32.2416, Review: Computational Linguistics; Text/Corpus Linguistics: Landulfo Teixeira Paradela Cunha (2020)

Sun Jul 18 01:29:37 UTC 2021

LINGUIST List: Vol-32-2416. Sat Jul 17 2021. ISSN: 1069 - 4875.

Subject: 32.2416, Review: Computational Linguistics; Text/Corpus Linguistics: Landulfo Teixeira Paradela Cunha (2020)

Moderator: Malgorzata E. Cavar (linguist at linguistlist.org)
Student Moderator: Jeremy Coburn, Lauren Perkins
Managing Editor: Becca Morris
Team: Helen Aristar-Dry, Everett Green, Sarah Robinson, Nils Hjortnaes, Joshua Sims, Billy Dickson
Jobs: jobs at linguistlist.org | Conferences: callconf at linguistlist.org | Pubs: pubs at linguistlist.org

Homepage: http://linguistlist.org

Please support the LL editors and operation with a donation at:
           https://funddrive.linguistlist.org/donate/

Editor for this issue: Jeremy Coburn <jecoburn at linguistlist.org>
================================================================

Date: Sat, 17 Jul 2021 21:29:06
From: Nicolás Arellano [nicolas.a.arellano at gmail.com]
Subject: Contributions to the Computational Processing of Diachronic Linguistic Corpora

Discuss this message:
http://linguistlist.org/pubs/reviews/get-review.cfm?subid=36704937

Book announced at http://linguistlist.org/issues/32/32-683.html

AUTHOR: Evandro  Landulfo Teixeira Paradela Cunha
TITLE: Contributions to the Computational Processing of Diachronic Linguistic Corpora
SERIES TITLE: LOT Dissertation Series
PUBLISHER: Netherlands Graduate School of Linguistics / Landelijke (LOT)
YEAR: 2020

REVIEWER: Nicolás Arellano, Universidad de Buenos Aires

SUMMARY

‘Contributions to the Computational Processing of Diachronic Linguistic
Corpora’ is a book that aims to offer insight on multiple tasks involving
computational tools on the assessment of diachronic corpora. In order to do
so, the book presents at its core three chapters that discuss how to develop
new diachronic (and not necessarily historical) corpora. Not only could it be
helpful for personal research but also, and more importantly, it may serve as
the kick-start for the creation of more general databases.

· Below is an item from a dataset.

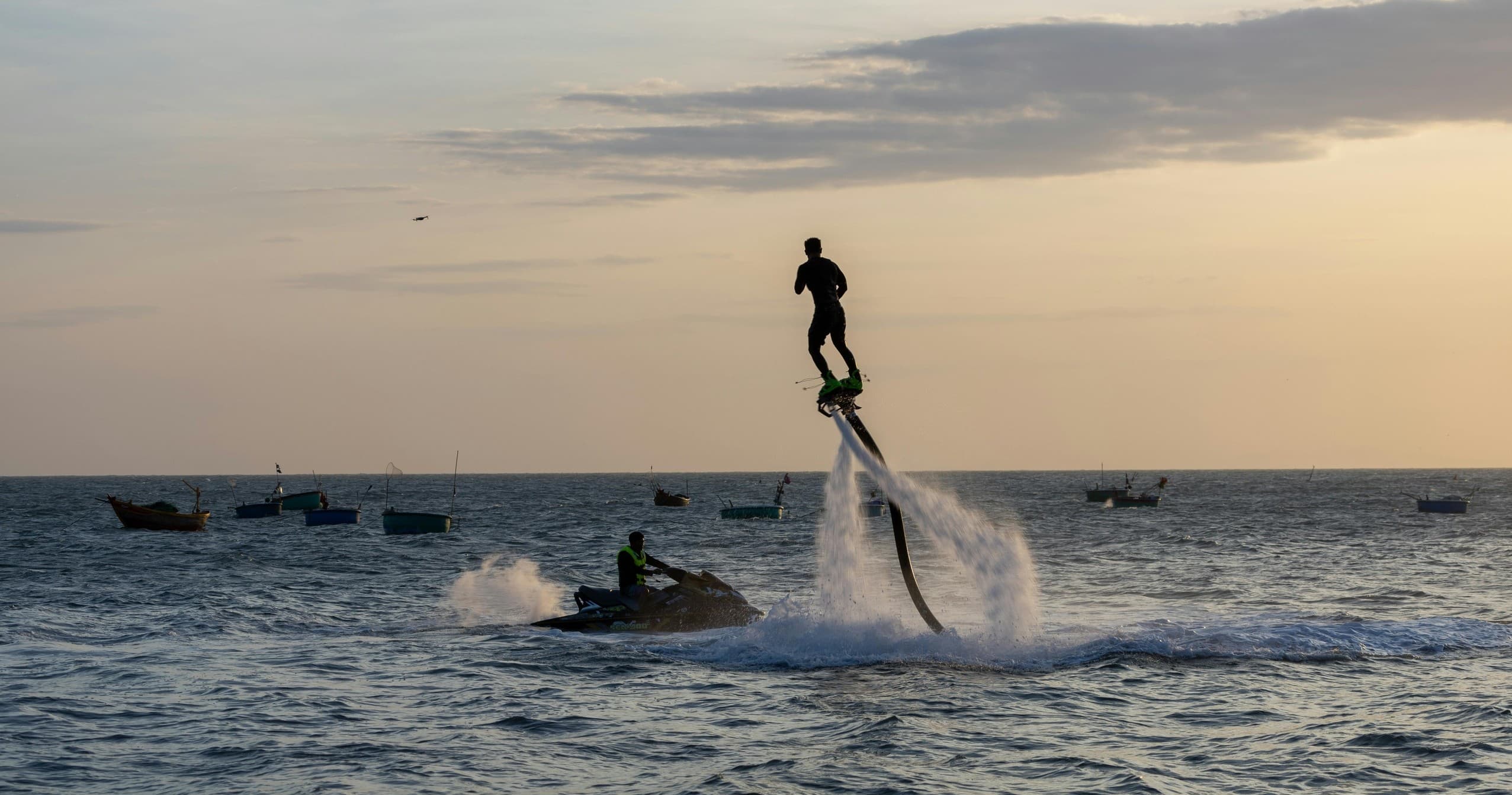 Luquillo Flyboard team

Chapter 1 stands for the introduction, in which Cunha justifies his research
by exploring the many intersections between linguistics and computer science.
Besides the remarkable increase in studies regarding formal models of
language, which could represent the most obvious junction between such fields,
the author also focuses on displaying several uses of computational methods in
already established subdisciplines, such as sociolinguistics, language
preserving, and dialectology, among others. He does it without failing to
concentrate on what makes up the very essence of the research: computer-aided
studies within the scope of corpus linguistics. Cunha particularly examines
the diachronic aspect of corpus linguistics. Despite diachronic corpora (which
he opposes to historical corpora, in the sense that the former must deal with
change over time and cover a specific span, whether it ends in the past or the
present, while the latter concentrates on the past, but without taking shifts
and changes into account) having considerably provided new opportunities to
linguists, the author explores particular tools that help not only to work
with corpora, but also compile and analyze them. Each one of the following
chapters focuses on a different aspect of corpora development.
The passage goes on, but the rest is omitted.